The thing that scares people about love, especially the agape kind, is that it makes you vulnerable, it makes demands. For the Son, it led to the incarnation and the cross and one of his most difficult commands was for us to take up our crosses and follow along behind.
It is rare to see someone give up everything. When it happens it stands out. Jesus stood out. Francis of Assisi stood out. He gave up everything but remained close at hand to continue giving. While I respect ascetics, I would never place them in the same league as Francis and those like him. They are not being in the world, while remaining not of it. They have opted out. That said, I am not implying that God may not have a purpose for them, only that their road is in many ways an easier path.
Francis, however, took up his cross (as God called him) and followed Jesus. He, like Paul, gave up everything for Christ. If you have a chance, get the DVD Brother Son, Sister Moon. It is Franco Zeffirelli’s wonderful take on the life of the most beloved saint of the Western world, the saint who talked to the animals, who once told a bird who was interrupting his preaching that he, Francis, would be quiet until the bird had finished what he had to say.
Many of Francis’ words illustrate agape:
- For it is in giving that we receive.
- “It is no use walking anywhere to preach unless our walking is our preaching.
- Above all the grace and the gifts that Christ gives to his beloved is that of overcoming self.
- “God came to my house and asked for charity.
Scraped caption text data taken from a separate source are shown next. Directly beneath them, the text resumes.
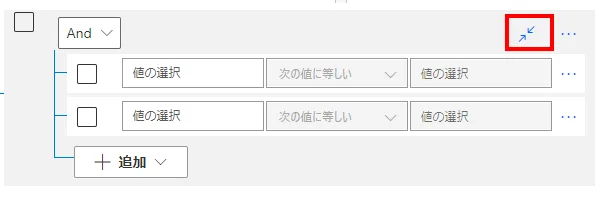 グループの拡大表示と縮小ボタン
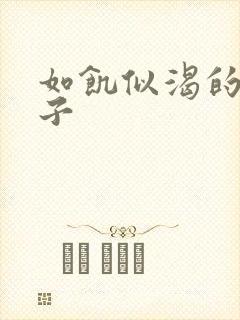 如饥似渴的母与子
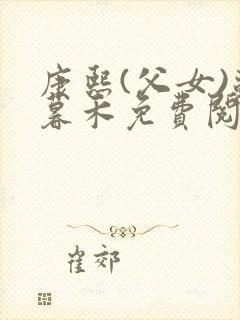 康熙(父女)苏暮禾免费阅读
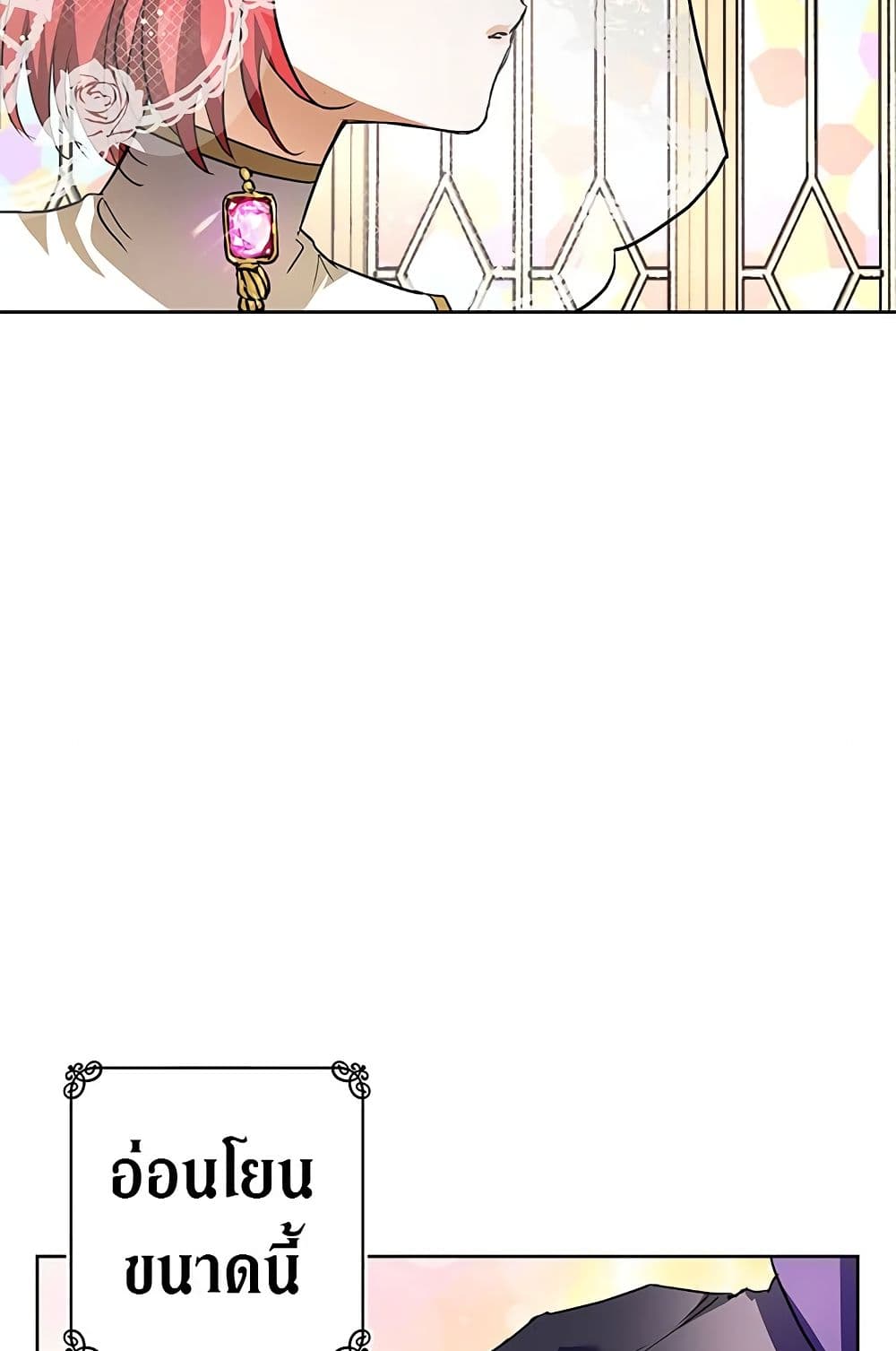 My Secretly Hot Husband page 60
And I fell on my knees and cried, `Beloved, what may I give?’ `Just love,’ He said. `Just love.”‘
- Until now, I have called Pietro Bernardone my father. But because I have proposed to serve God, I return to my father the money, and also all the clothing which is his. And I want only to say from now on, Our Father, Who art in heaven, and not, My father, Pietro Bernardone.
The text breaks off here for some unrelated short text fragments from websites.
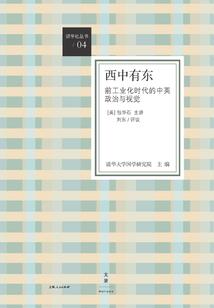 璃陌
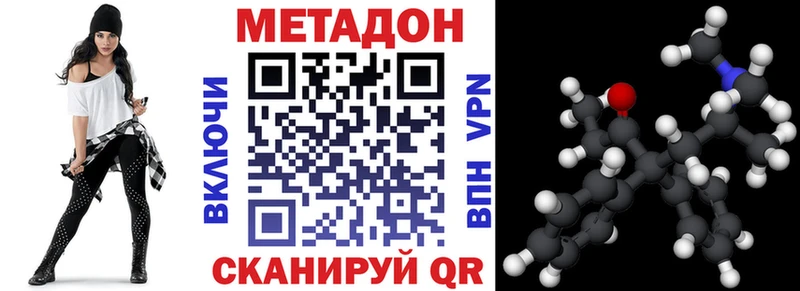 Метадон мёд  Купить закладки  Коломна 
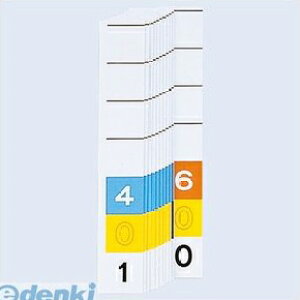���q�g���u LIHIT LAB. HK785-4 �J���[�i���o�[���o������MD3���� 4 401�`600 4903419187972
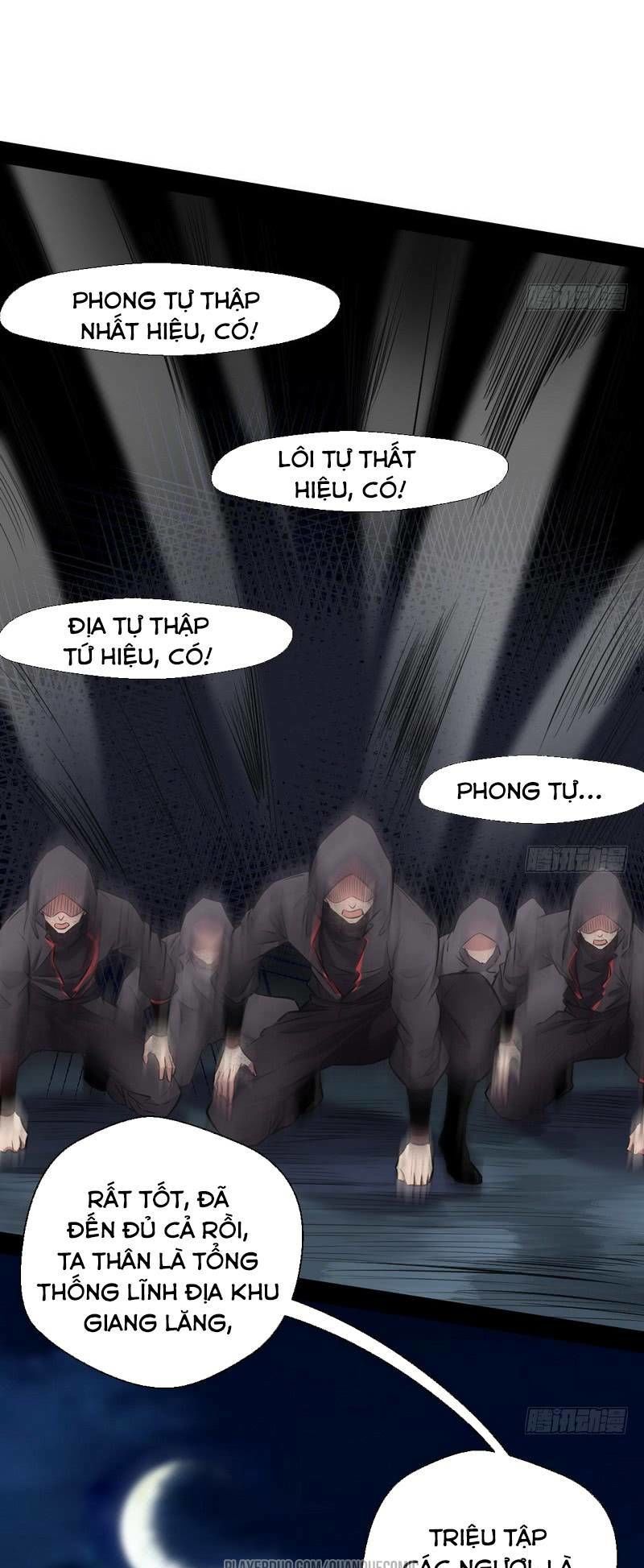 Ta Là Tà Đế Chapter 30 - Page 24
- Where there is discord may we bring harmony. Where there is error, may we bring truth. Where there is doubt, may we bring faith. Where there is despair, may we bring hope.
Early on, many thought Francis crazy. But as time wore on, many wanted to live like him. True to his words, his daily walk was his loudest preaching. When you absolutely take hold of God and his agape takes hold of you, many will think you are mad. It has ever been so. When you have sold out everything for God you become a fanatic to the world, who prefers its religion in measured doses, only moderating its vices, not dispensing with them.
It may be true that those who grasp tightly to God walk a dangerous road, balanced on the edge of apparent madness. At least the world sees it so. It is only agape that fortifies that perilous journey; it is only sacrifice that prevents the tipping point of prideful self-delusion, for only he who seeks nothing for himself can walk that close to God and remain whole. Hebrews warns us:
It is a fearful thing to fall into the hands of the living God. Hebrews 10:31
But is it not in those hands that we seek to be? Fearful or not, would we not grasp a hold of God with all our might, even though his holiness would burn us to the core? Are you not, O Lord, a consuming fire, burning away all of the wood, hay, and stubble of our lives, everything that we would hold onto. We quickly learn that he who sacrifices all, has nothing left to lose.
Janis Joplin once had a tremendous insight, which she put in her song, Me & Bobby Mc Gee: “Freedom is just another word for nothing left to lose.” She was right. When you have joined God and agape is now a fundamental aspect of your being, you are totally free, you have nothing left to lose. You may possess things, but they will never possess you. Like Paul, you count everything as #%@!*& (Philippians 3:8) when compared to knowing God.
In closing, I would put a slight slant on Paul’s famous statement, “It is no longer I who live, but Christ who lives within me” and say “It is no longer I who live, but agape that has taken a hold of me.”
May God in his gracious mercy, prepare you in all diligence for the road a head, for at some point you, like all of us, will reach the nexus point of agape. The only question is how tightly you will hold on to it. May grace and peace find you and preserve you at that and every moment of your life.
So…is agape giving anytime we are asked? I fall so many times into the trap of giving only to find that the gift was illspent. Is agape giving without question? Is agape withholding the gift when you feel uncertain as to how it will be used?
My ministry is within a culture of schemers and scammers. I would dearly love a clear cut understanding of giving within the bounds of agape.